Espelhos (clique)

Por: José Carlos Sebe Bom Meihy


Sebe desvenda um Lobato desconhecido por muitos dos seus estudiosos. E, ao desvendá-lo, corre o resco de atrair para si críticas daqueles que não admitem a existência de um Locaro mais humano e menos nacionalista.

É bom saber que não sou o único a me emocionar com Nova York. Não. Há deslumbrados mais ilustres. Muitos. Nenhum, contudo, chega perto do nosso José Bento Monteiro Lobato. Aliás, é bom tocar neste tema para poder levantar questões que nem sempre são presentes na consideração do nosso escritor querido.

Creio ser Lobato, para os biógrafos, um dos personagens mais difíceis de nosso quadro literário. Desafio complexo, visto sempre como alguém resoluto, firme e coerente, seus admiradores o cultuam de maneira a jogar fora detalhes que, certamente, mostrariam a complexidade de um brasileiro perdido entre a modernidade pretendida – metaforizada pela busca do petróleo – e a heranca conservadora – de um filho de fazendeiros do Vale do Paraiba cafeeiro. De toda forma, a marca mais evidente de Lobato e seu nacionalismo quase nunca contestado. Como o mais completo “bandeirante da brasilidade”, seus biógrafos nunca consideram alguns textos seus, em particular as cartas, que apontariam para um homem mais repartido do que se supõe na inocência da laudação cristalizada.
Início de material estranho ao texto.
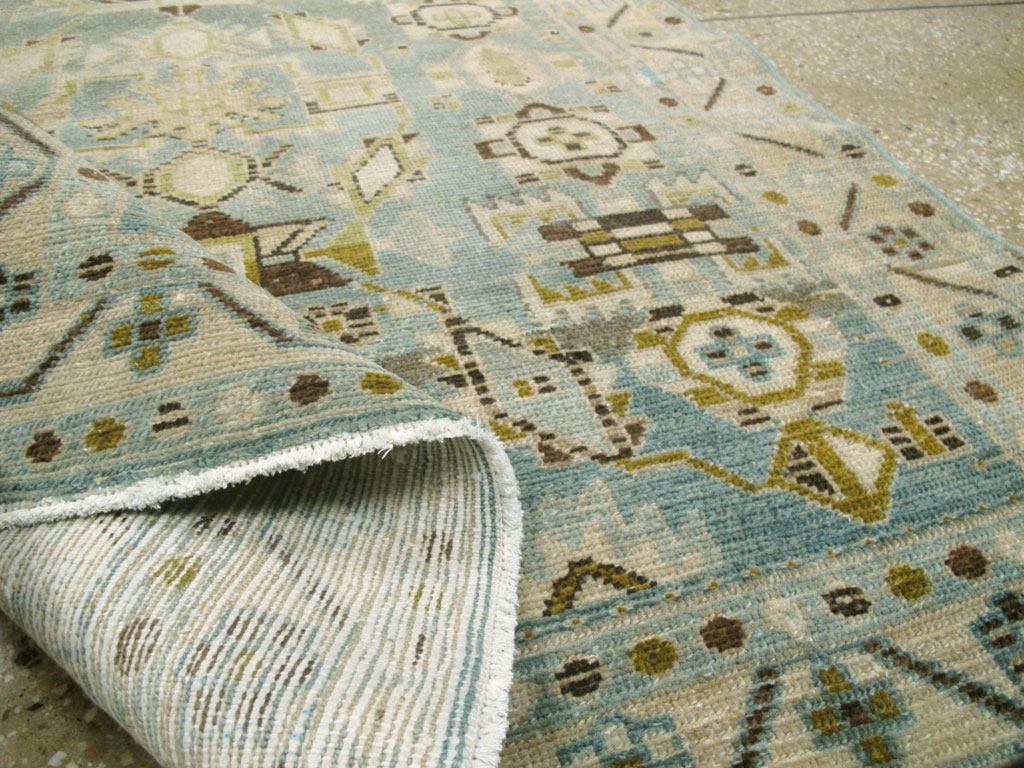 Vintage Persian Malayer Throw Rug, No.26951 - Gss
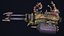 3D model Desert minigun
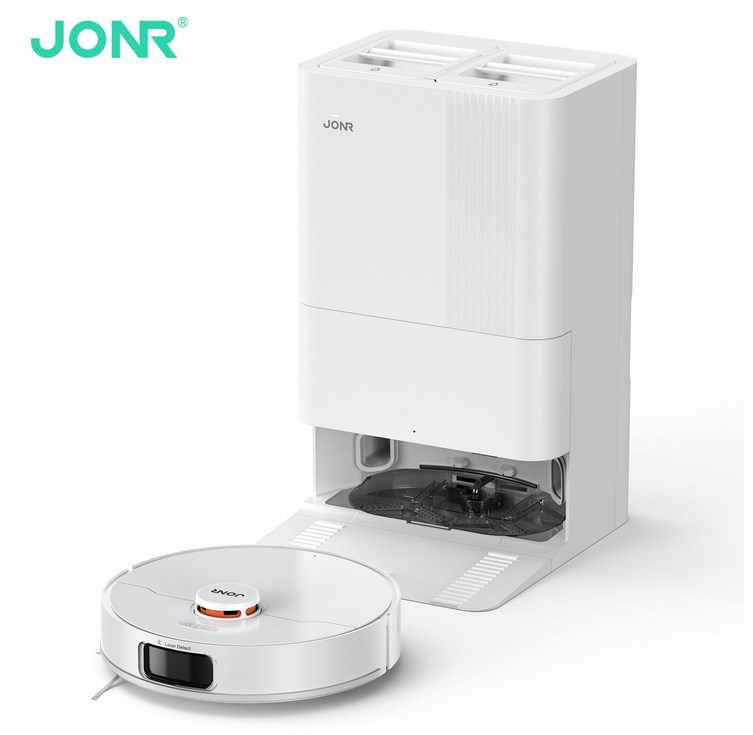 JONR 올인원 로봇청소기 확장형 엣지 물걸레 안티탱글브러쉬 8000pa 고온건조 클리닝스테이션 미홈앱, P20PRO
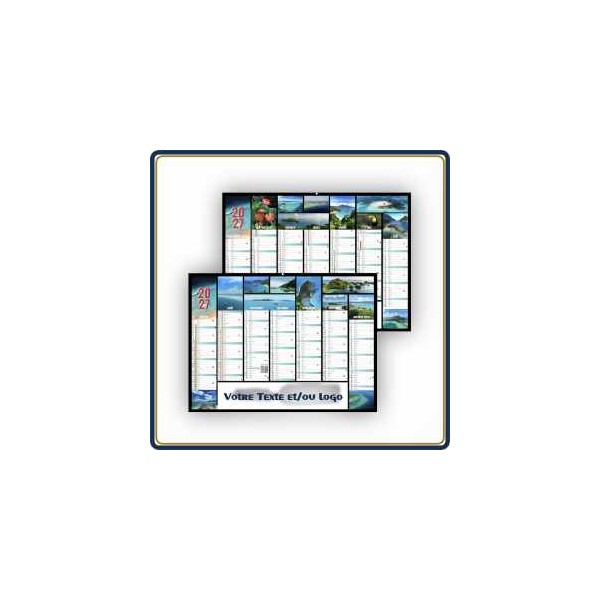 BANCAIRE JEANNE MICRO SOUPLE - 2027 | Le Calendrier Pub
A fim de evidenciar a fecundidade do tema convém recortar um momento da vida do nosso autor que depois de falido teve a ajuda de amigos para se tornar Adido Comercial do Brasil em Nova York. Entre 1927 e 1931, Lobato residiu em Queens, em Astoria, exatamente na região onde hoje os brasileiros se multiplicam alarmando um dos mais graves problemas de nossa realidade. De lá também redigiu cartas ao amigo querido Anísio Teixeira que aliás conheceu quando este fazia seus estudos na Universidade de Colúmbia. Nessas páginas Lobato delirava e vertia em palavras sua paixão pela cidade. E haja adjetivos, exclamações e outros recursos para dar vazão ao amor por onde estava. Mesmo sendo breve, vale recortar passagens que traduzem isto. É de Lobato, por exemplo a frase estarrecedora de que “um dia em Nova York vale uma vida no Brasil – pelo menos ensina mais que ela” e é dele também a descrição quase encantada “tenho a impressão de que todas as estrelas do céu se acamaram no solo de Manhattan e arredores. Lá está Brooklyn! Lá está Queens!... mas é um espetáculo único”. E o que dizer da dor presumida de uma volta ao Brasil assim registrada “estou gozando de tal modo Nova York que receio isso seja presentimento de regresso à pátria no próximo ano. Que pena será. ‘Never more’ Times pela manhã, nem rádio (e estou com um excelente rádio novo), nem a inalação diária destes fluidos eufóricos sobre os quais tanto conversamos aqui”.
E foi o próprio Lobato que em um de seus arroubos corriqueiros não vacilou ao anunciar que abriria um restaurante em Nova York. Situando-o no número 60 da Greewich Street, o suposto estabelecimento funcionaria com o nome de “Brazilian Garden Coffee House” fato, aliás, que sugere o intuito emigratório da família.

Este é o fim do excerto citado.